The nightmare of hundreds of sabotaged Iraqi oil wells, burning for weeks and devastating both the country's economic treasure and its environment, has so far been avoided.

Allied forces have been quick to secure many key oil fields, and while questions still remain about northern fields around the city of Kirkuk, they appear to be undamaged. That's good news for Iraq's economic future and for global oil consumers - including American drivers.

A dip in oil prices that began last week is expected to continue as the news sinks in - with industry analysts predicting price drops at US gas pumps.

"Gas prices should begin to fall within a couple of weeks, unless the war is looking like it would be prolonged," says Arvind Panagariya, an international economist at the University of Maryland.

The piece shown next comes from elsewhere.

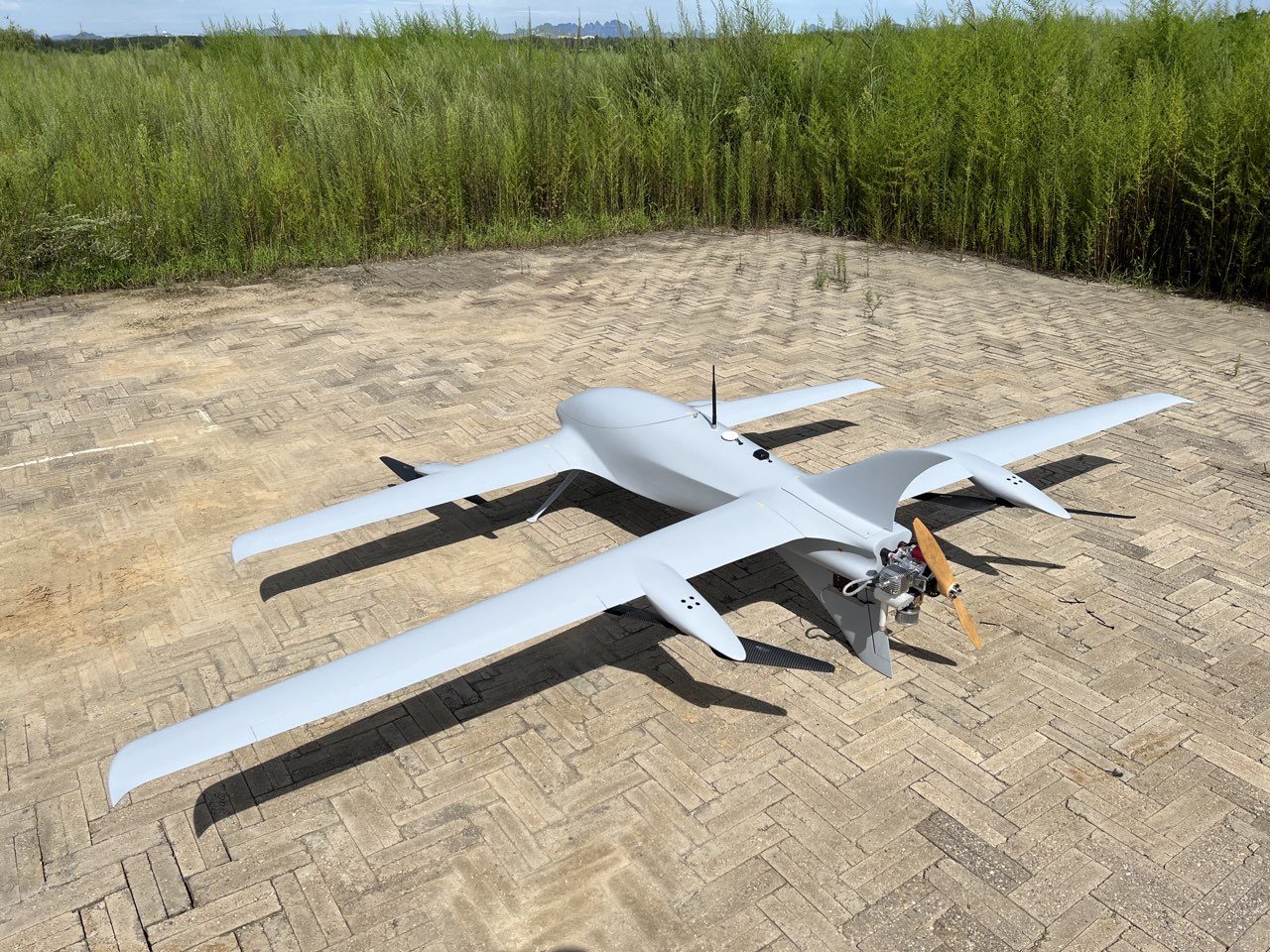 AT-G18Y Hybrid-Electric VTOL Fixed-Wing UAV photo 4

Any initial drop in prices would reflect "the speculative impact" of early dire predictions about the fate of Iraq's oil industry not coming true, Professor Panagariya says. But a sustained impact on prices at the pump will "depend on how other big producers ultimately react."

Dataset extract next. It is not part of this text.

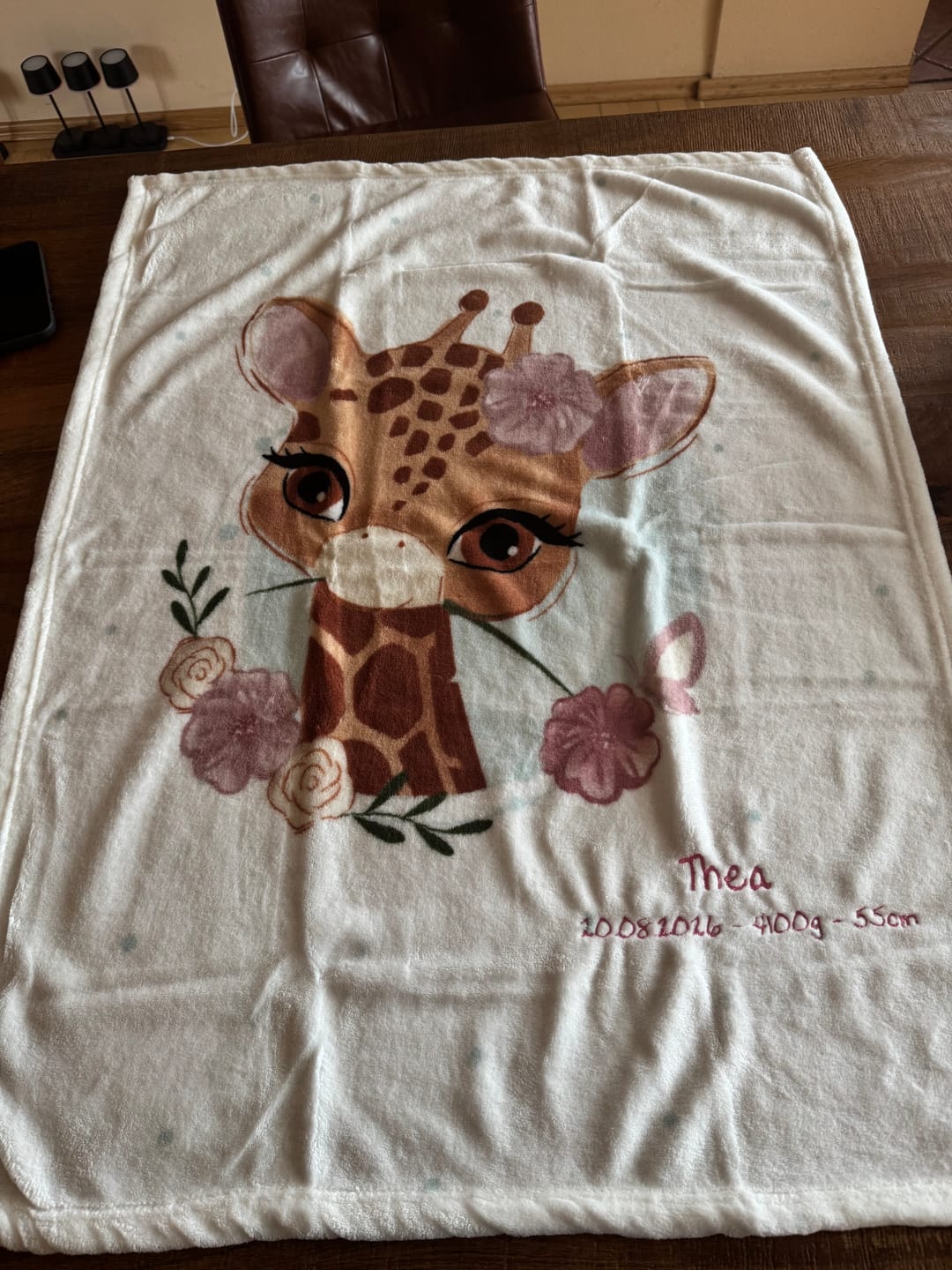 Customer photo review of Giraffe Babydecke mit Namen bestickt 75x100cm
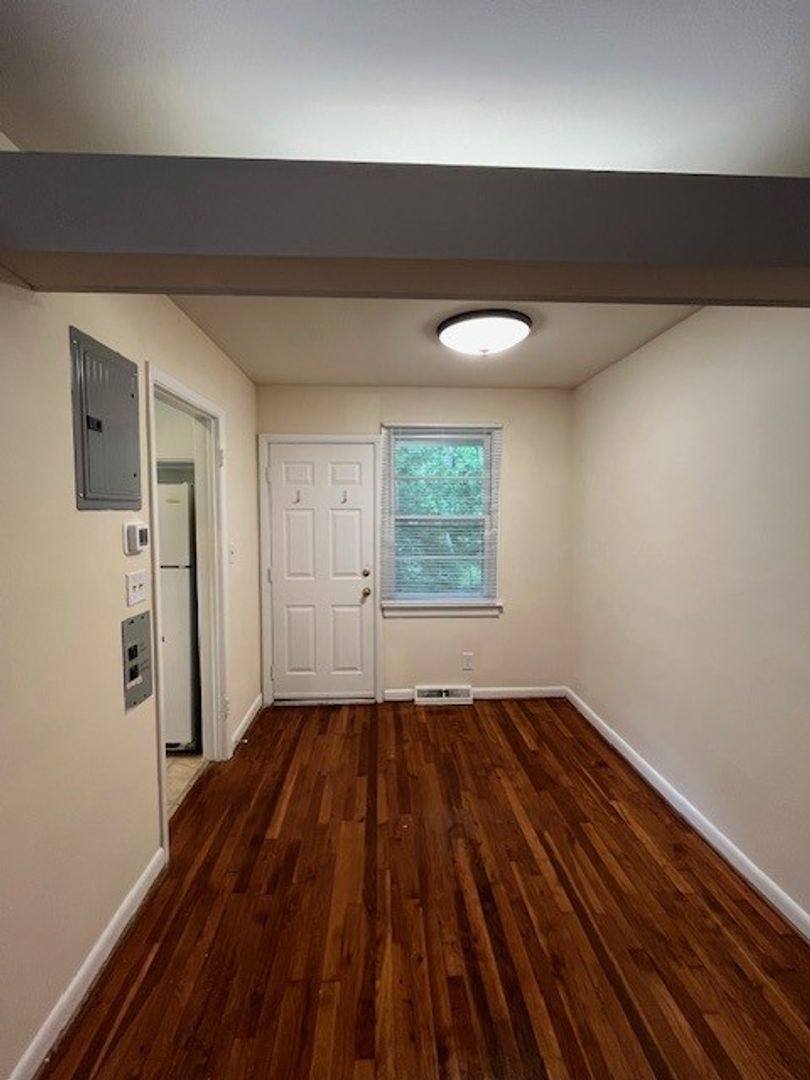 Apartment for rent at 117 Purefoy Rd, Chapel Hill, NC 27514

Anticipating a shortfall in production by Iraq, Saudi Arabia and other OPEC countries had been overproducing oil in the weeks prior to the war.

The swiftness with which the oil fields were seized by American and British troops is also keeping alive the suspicions of many that this war is about oil interests - as placards at weekend war-protest rallies around the world attest. Demonstrators in Berlin, for example, carried an effigy of the Statue of Liberty - with an oil drum in her arms.

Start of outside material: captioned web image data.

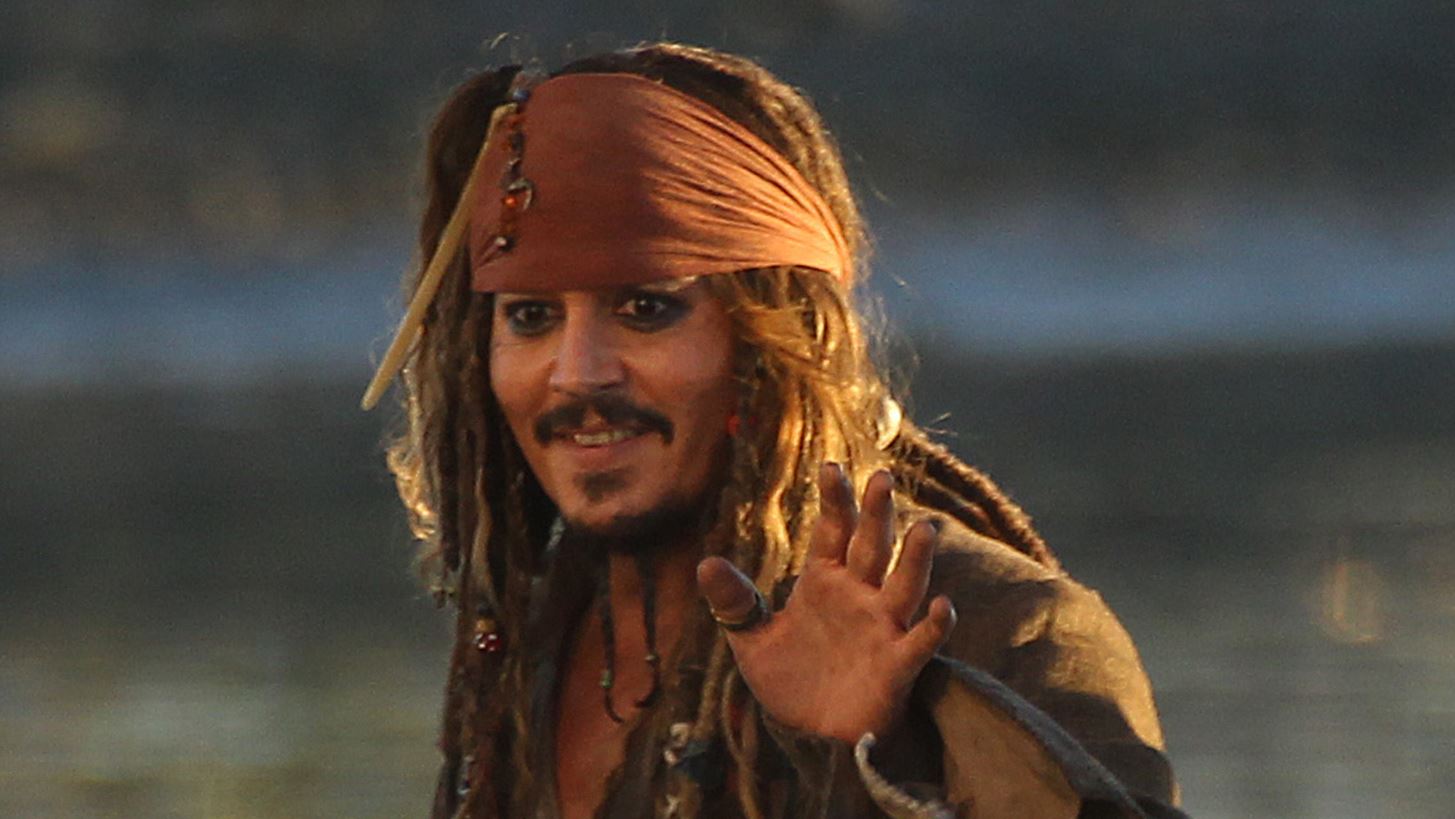 Johnny Depp | &#x391;&#x3BD;&#x3C4;&#x3B9;&#x3BA;&#x3B1;&#x3C4;&#x3AD;&#x3C3;&#x3C4;&#x3B7;&#x3C3;&#x3B1;&#x3BD; &#x3C4;&#x3B7; &#x3C6;&#x3C9;&#x3BD;&#x3AE; &#x3C4;&#x3BF;&#x3C5; Jack Sparrow &#x3C3;&#x3C4;&#x3BF; &#x3C0;&#x3B1;&#x3B9;&#x3C7;&#x3BD;&#x3AF;&#x3B4;&#x3B9; &quot;Sea of Thieves&quot;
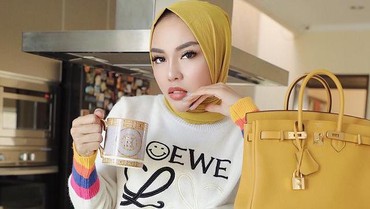 img-title Niat Beli Rumah untuk Gala, Medina Zein Dicuekin Keluarga Bibi
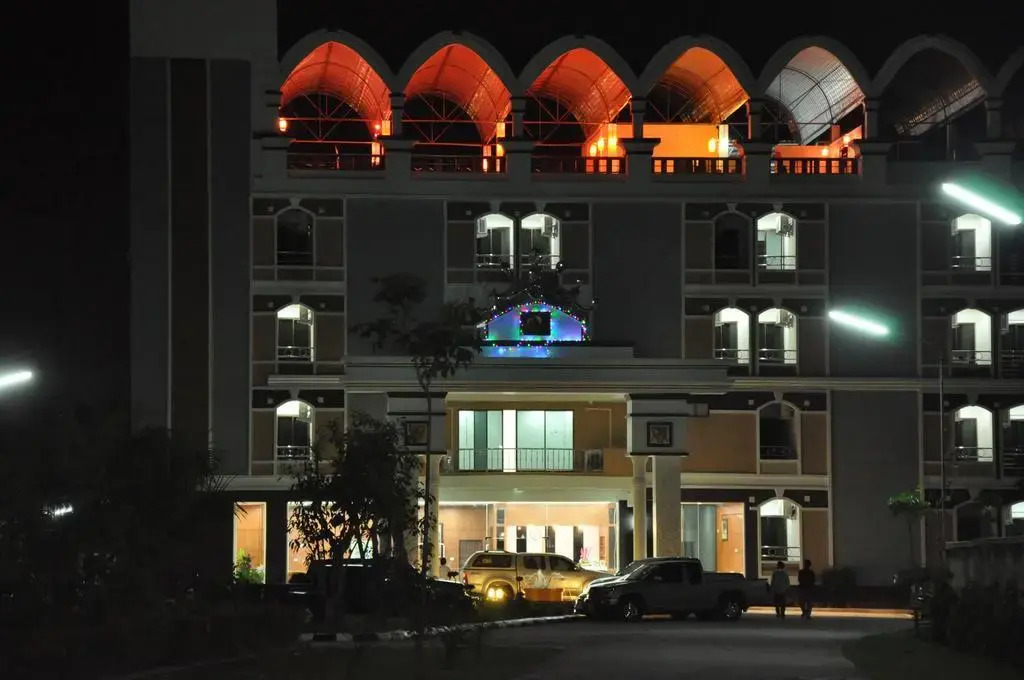 Queen Palace Hotel
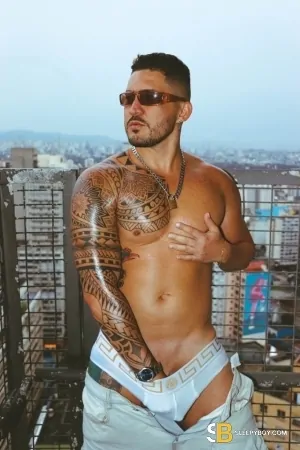 Bisexual Escort Emanuel 25yr - licking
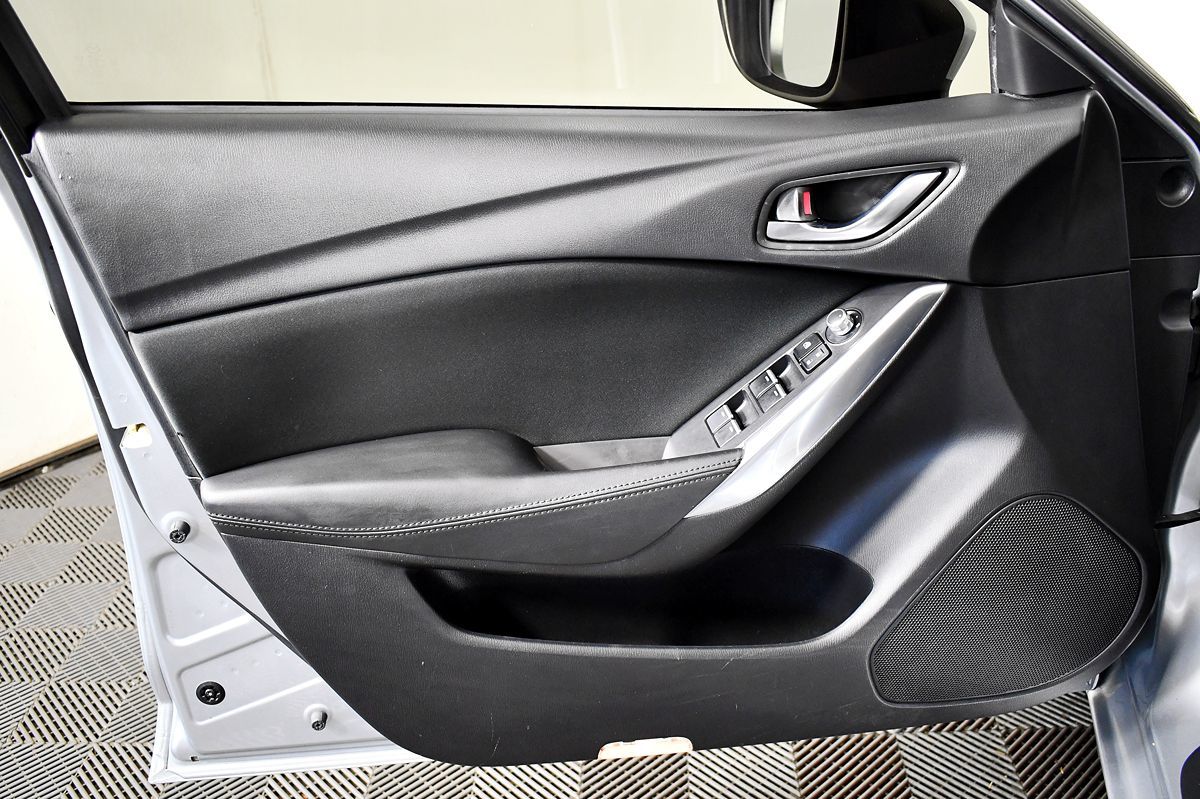 2016 Mazda Mazda6 i Sport photo 14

The US maintains that Iraq's oil wells, which prior to the war had produced 2.5 million barrels a day, will be essential to rebuilding the country and its economy. Even so, questions still abound about how Iraq's vast oil wealth - second only the Saudi Arabia's in terms of reserves - will be administered in the postwar period.

Among the questions:

• Who will benefit from reconstruction and modernization of Iraq's oil industry?

• Can the US persuade the doubters that it is not out to dominate Iraq's oil wealth?

• And can those assets really be counted on to pay for much of Iraq's reconstruction and postwar administration?

The US is already raising eyebrows by initially calling on a Houston firm with ties to Vice-President Dick Cheney to oversee putting out any oil fires and begin putting the country's neglected oil production infrastructure back in shape. Kellogg, Brown & Root International is a subsidiary of the Houston-based Halliburton Co., where Mr. Cheney served as chairman until he was tapped to join the Republican 2000 presidential ticket.

But Iraq will require several years and at least $5 billion in investment to put its industry in shape to return to its pre-Gulf War production levels, oil experts say. It is one reason that analysts like Michael O'Hanlon of the Brookings Institution, a Washington think tank, say it would be foolish to assume Iraq will be in a position to quickly pay for its own postwar reconstruction.

"Even if Iraq's oil fields aren't damaged any further [in this war], you're going to see a need to spend a good deal of money to fix the infrastructure," says Farouk El-Baz, an energy expert at Boston University.

Before the Gulf War, Iraq was producing as much as 3.5 million barrels of oil a day, but that fell to something closer to 2 million barrels in the years following the war - a level that has risen slightly to as much as 2.5 million barrels a day more recently. Experts say modernization could return Iraq to pre-Gulf-War production levels within a few years - and much higher by the end of the decade.

But before then, other fingers will be dipping into the pot of Iraq's oil income. Initially, oil profits are likely to continue flowing into the United Nations' oil-for-food program, which was jointly administered by the UN and Iraq. The program was designed to ensure that Iraq's oil wealth benefited the Iraqi people and was not spent on rearming the country. Nearly two-thirds of Iraqis are dependent on the UN program.

Last week UN Secretary-General Kofi Annan, backed by the US and Britain, asked the Security Council to assign him the task of overseeing the oil-for-food program. Because it is backed by the US and Britain, that proposal is receiving a cold shoulder from some Council members opposed to the war. That kind of reaction is an example of what the US can expect as it goes about plans to rebuild Iraq's oil industry - and the country in general.

"I foresee the administration being very sensitive to perceptions of how it is handling the oil issue," says Professor El-Baz. "What we're seeing indicates the UN will be brought back into this, as one way of making the point very clearly that this was not a war about oil."